Required action =
Copy every line from the records below that carries the word "Room".

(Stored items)
######

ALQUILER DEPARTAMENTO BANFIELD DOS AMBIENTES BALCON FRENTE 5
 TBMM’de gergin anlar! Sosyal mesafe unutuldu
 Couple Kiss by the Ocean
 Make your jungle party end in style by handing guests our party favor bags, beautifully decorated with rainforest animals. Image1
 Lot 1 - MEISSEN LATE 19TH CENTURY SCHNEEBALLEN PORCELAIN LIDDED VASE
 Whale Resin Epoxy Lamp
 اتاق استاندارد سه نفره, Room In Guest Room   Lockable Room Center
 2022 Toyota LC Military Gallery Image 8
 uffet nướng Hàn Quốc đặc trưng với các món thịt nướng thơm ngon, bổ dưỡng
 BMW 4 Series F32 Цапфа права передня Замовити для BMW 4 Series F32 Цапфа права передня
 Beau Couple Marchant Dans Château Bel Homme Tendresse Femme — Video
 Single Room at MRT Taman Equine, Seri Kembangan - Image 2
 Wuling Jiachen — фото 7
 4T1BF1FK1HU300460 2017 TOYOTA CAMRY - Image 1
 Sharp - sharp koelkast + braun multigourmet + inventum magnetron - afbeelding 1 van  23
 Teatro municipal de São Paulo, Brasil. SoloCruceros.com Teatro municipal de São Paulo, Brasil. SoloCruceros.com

######

Expected answer =
 اتاق استاندارد سه نفره, Room In Guest Room   Lockable Room Center
 Single Room at MRT Taman Equine, Seri Kembangan - Image 2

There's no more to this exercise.